Reputation: 75
I have two versions of a document encoded in one TEI XML and wish to output one of the versions to a text file. Here’s the sample XML:
<?xml version="1.0" encoding="UTF-8"?>
<?xml-model href="http://www.tei-c.org/release/xml/tei/custom/schema/relaxng/tei_all.rng" type="application/xml" schematypens="http://relaxng.org/ns/structure/1.0"?>
<?xml-model href="http://www.tei-c.org/release/xml/tei/custom/schema/relaxng/tei_all.rng" type="application/xml"
schematypens="http://purl.oclc.org/dsdl/schematron"?>
<TEI xmlns="http://www.tei-c.org/ns/1.0">
<teiHeader>
<fileDesc>
<titleStmt>
<title>Title</title>
</titleStmt>
<publicationStmt>
<p>Publication Information</p>
</publicationStmt>
<sourceDesc>
<p>Information about the source</p>
</sourceDesc>
</fileDesc>
</teiHeader>
<text>
<body>
<p>John Q Doe was born in
<app>
<rdg wit="text1">Omaha</rdg>
<rdg wit="text2">Lincoln</rdg>
</app>
in 1950. But was he
<app>
<rdg wit="text1">happy</rdg>
<rdg wit="text2">glad</rdg>
</app>?
Some say no.
</p>
</body>
</text>
</TEI>
And here’s the sample XSLT:
<?xml version="1.0" encoding="UTF-8"?>
<xsl:stylesheet xmlns:xsl="http://www.w3.org/1999/XSL/Transform" xmlns:tei="http://www.tei-c.org/ns/1.0" xmlns:xs="http://www.w3.org/2001/XMLSchema"

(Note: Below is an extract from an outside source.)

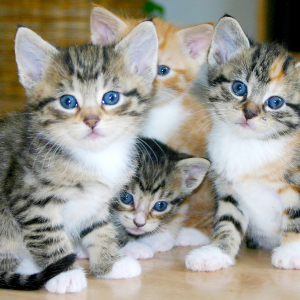 猫ちゃんの多頭飼いについて知っておきたいポイント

exclude-result-prefixes="xs tei" version="2.0">
<xsl:output omit-xml-declaration="yes" method="text" encoding="UTF-8"/>
<xsl:template match="text()">
<xsl:value-of select='normalize-space()'/>
</xsl:template>
<xsl:template match="/">
<xsl:apply-templates></xsl:apply-templates>
</xsl:template>
<xsl:template match="tei:teiHeader">
</xsl:template>
<xsl:template match="tei:app">
<xsl:apply-templates/>
</xsl:template>
<xsl:template match="tei:rdg[@wit='text1']">
<xsl:apply-templates/>
</xsl:template>
<!-- Cancel out the alternate version of the text-->
<xsl:template match="tei:rdg[@wit='text2']">
</xsl:template>
</xsl:stylesheet>
What I want to output is “John Q Doe was born in Omaha in 1950. But was he happy? Some say no.” What I end up with is “John Q Doe was born inOmahain 1950. But was hehappy? Some say no.” So, I somehow need to preserve a single space around the app elements. I can’t preserve-space()

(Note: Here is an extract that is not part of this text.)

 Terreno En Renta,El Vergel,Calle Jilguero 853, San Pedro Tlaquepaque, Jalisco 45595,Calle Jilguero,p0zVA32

because I use extra whitespace for readability, and I can’t simply use <xsl:text>
to insert spaces on the template match for tei:app
, because sometimes punctuation comes immediately after the <app>
element, as does the question mark above. I’m stumped.
Upvotes: 2
Views: 1445
Reputation: 122414
It looks like you essentially want a special case of normalize-space()
that just does the normalizing of runs of whitespace (including at the start and end of the string) down to a single space, without also stripping leading and trailing whitespace. Since you're in XSLT 2.0 you can do that with a simple regular expression:
<xsl:template match="text()">
<xsl:value-of select="replace(., '\s+', ' ')"/>
</xsl:template>
You would also need to add
<xsl:strip-space elements="*"/>
to the top of the stylesheet in order to suppress text nodes that are entirely whitespace. Without that you'll end up with an extra space in your output for each all-space text node (e.g. between <text>
and <body>
, <body>
and <p>
, </rdg>
and </app>
, etc.). The strip-space
directive only affects all-whitespace text nodes, it does not affect the whitespace within text nodes that also contain useful non-space content.
Upvotes: 1
Reputation: 4749
You need to add the missing spaces.
If you put a <xsl:text> </xsl:text>
you will get a space before and after the elements:
<xsl:template match="tei:rdg[@wit='text1']">
<xsl:text> </xsl:text>
<xsl:apply-templates/>
<xsl:text> </xsl:text>
</xsl:template>
This gives following output:
John Q Doe was born in Omaha in 1950. But was he happy ? Some say no
Upvotes: 0